### TASK DESCRIPTION:
The answer must be every line below that holds the word "wooden".

►

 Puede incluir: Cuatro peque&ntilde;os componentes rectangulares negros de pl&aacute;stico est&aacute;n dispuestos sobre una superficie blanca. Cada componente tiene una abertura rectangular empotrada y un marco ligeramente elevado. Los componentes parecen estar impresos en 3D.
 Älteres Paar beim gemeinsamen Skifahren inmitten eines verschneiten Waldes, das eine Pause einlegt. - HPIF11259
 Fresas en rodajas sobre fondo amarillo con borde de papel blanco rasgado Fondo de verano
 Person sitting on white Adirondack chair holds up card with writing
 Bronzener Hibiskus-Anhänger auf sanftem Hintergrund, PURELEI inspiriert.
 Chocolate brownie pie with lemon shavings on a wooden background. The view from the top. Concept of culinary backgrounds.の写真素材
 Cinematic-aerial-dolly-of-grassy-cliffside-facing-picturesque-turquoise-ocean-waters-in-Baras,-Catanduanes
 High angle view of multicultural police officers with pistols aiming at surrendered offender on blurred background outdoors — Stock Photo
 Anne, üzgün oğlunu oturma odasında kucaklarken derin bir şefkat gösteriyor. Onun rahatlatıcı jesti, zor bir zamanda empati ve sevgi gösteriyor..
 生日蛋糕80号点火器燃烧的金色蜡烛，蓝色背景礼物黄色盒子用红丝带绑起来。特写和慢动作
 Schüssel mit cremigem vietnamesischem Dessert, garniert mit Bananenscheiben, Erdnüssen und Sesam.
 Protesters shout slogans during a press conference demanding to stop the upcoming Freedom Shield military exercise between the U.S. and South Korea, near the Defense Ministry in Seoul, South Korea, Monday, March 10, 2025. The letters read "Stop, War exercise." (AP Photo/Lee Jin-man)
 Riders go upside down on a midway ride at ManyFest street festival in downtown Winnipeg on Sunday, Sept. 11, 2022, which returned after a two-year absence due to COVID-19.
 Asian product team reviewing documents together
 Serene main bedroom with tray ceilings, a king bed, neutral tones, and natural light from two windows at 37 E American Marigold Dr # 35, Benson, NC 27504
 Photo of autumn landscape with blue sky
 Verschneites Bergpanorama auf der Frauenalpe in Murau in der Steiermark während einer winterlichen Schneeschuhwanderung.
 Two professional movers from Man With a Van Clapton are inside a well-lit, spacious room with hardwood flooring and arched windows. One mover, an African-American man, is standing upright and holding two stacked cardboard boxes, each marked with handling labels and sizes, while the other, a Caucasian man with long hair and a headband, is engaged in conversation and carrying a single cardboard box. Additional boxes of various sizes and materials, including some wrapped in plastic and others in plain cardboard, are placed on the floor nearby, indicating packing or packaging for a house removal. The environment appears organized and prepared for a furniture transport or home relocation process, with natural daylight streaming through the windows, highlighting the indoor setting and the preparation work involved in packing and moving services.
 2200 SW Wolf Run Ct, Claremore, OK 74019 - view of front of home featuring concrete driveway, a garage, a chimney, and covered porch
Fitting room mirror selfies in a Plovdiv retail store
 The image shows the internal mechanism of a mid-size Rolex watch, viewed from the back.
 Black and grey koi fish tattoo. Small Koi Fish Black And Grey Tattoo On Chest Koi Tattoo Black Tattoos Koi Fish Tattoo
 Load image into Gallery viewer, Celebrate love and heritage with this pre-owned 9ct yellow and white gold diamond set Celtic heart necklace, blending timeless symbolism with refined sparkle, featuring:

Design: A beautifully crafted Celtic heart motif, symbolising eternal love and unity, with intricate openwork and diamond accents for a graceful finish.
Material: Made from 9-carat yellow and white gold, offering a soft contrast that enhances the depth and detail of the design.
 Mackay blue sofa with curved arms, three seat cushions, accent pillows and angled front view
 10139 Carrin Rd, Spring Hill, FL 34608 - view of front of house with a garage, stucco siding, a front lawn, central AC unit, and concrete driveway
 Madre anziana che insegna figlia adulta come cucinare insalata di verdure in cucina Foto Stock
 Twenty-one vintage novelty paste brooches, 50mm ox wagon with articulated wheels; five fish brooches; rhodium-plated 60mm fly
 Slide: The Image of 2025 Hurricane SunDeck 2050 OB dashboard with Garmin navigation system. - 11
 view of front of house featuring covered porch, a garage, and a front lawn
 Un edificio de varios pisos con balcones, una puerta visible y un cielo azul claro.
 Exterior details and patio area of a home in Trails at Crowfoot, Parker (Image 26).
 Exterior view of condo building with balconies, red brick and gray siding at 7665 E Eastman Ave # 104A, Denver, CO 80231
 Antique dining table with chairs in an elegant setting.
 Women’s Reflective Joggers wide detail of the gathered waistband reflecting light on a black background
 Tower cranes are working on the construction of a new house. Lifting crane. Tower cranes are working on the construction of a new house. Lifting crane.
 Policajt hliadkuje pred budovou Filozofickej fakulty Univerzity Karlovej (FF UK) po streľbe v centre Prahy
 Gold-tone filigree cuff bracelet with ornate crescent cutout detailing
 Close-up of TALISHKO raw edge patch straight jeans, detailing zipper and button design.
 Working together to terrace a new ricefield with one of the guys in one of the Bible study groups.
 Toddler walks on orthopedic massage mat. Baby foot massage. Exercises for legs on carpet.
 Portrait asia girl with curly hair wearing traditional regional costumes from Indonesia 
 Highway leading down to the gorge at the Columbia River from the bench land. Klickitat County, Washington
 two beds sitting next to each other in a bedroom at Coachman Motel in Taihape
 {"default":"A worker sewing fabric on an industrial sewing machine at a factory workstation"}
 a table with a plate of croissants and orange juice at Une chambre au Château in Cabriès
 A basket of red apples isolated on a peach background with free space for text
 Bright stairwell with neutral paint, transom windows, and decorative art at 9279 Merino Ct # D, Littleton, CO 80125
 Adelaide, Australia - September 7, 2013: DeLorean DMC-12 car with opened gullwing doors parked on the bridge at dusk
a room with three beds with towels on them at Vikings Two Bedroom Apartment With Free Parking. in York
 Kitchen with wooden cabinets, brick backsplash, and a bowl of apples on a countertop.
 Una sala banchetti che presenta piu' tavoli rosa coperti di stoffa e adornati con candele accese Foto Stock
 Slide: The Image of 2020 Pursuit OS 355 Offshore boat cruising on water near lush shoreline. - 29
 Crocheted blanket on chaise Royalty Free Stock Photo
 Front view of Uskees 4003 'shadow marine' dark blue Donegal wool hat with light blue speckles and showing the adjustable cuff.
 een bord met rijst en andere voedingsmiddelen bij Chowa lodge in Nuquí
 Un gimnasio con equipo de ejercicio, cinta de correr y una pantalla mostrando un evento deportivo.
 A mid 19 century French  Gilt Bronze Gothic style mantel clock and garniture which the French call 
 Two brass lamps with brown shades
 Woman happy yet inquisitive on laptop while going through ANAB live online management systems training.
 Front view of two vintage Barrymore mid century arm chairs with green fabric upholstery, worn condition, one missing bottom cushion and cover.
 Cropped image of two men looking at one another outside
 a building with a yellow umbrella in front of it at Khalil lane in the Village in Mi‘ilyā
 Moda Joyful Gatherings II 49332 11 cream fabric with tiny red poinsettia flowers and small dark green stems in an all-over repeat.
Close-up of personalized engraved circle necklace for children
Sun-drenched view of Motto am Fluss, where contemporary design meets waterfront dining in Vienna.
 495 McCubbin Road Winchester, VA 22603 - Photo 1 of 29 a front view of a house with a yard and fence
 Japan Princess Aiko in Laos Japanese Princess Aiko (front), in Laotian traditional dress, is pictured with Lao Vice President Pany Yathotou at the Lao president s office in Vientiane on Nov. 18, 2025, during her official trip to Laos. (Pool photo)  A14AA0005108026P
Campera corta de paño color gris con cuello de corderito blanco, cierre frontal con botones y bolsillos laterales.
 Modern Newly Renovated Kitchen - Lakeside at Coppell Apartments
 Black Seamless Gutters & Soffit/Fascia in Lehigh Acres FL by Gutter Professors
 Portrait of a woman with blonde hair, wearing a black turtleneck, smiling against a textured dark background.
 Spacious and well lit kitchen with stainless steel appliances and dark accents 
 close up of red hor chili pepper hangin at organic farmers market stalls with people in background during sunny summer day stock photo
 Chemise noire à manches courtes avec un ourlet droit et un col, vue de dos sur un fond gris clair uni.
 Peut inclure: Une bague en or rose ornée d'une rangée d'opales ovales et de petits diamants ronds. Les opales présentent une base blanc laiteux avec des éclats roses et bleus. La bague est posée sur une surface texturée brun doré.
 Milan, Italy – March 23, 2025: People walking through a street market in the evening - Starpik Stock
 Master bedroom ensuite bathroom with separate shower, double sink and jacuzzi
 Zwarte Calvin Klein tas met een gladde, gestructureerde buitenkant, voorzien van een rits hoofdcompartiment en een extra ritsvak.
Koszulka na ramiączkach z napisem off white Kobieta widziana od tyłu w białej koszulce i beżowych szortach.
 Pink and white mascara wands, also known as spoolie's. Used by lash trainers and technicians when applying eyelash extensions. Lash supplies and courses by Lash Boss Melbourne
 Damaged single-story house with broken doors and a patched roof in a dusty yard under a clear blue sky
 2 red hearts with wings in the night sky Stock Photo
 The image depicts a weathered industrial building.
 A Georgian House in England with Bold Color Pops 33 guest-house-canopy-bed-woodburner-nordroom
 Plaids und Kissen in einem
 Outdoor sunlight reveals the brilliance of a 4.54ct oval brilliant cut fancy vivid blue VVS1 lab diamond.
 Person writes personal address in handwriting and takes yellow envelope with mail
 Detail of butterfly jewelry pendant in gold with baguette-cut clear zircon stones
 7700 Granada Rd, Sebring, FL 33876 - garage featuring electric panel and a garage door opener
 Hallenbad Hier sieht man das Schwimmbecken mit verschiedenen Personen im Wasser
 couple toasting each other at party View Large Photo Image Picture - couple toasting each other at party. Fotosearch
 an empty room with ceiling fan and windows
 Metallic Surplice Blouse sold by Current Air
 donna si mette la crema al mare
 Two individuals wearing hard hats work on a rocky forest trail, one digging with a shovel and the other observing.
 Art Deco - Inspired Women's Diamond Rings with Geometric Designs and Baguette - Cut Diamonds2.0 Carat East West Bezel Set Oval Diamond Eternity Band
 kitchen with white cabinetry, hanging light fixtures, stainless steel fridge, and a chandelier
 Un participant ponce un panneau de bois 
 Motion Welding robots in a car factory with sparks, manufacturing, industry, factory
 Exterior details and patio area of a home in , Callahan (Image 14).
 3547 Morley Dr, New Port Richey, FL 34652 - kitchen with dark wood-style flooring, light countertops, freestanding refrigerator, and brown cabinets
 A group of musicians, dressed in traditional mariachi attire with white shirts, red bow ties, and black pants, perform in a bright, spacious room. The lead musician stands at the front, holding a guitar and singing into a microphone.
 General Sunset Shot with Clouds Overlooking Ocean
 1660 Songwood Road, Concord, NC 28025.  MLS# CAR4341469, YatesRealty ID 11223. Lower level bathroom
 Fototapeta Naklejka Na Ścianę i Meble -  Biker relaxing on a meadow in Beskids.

◄

### RESULT OF THE TASK:
 Chocolate brownie pie with lemon shavings on a wooden background. The view from the top. Concept of culinary backgrounds.の写真素材
 Kitchen with wooden cabinets, brick backsplash, and a bowl of apples on a countertop.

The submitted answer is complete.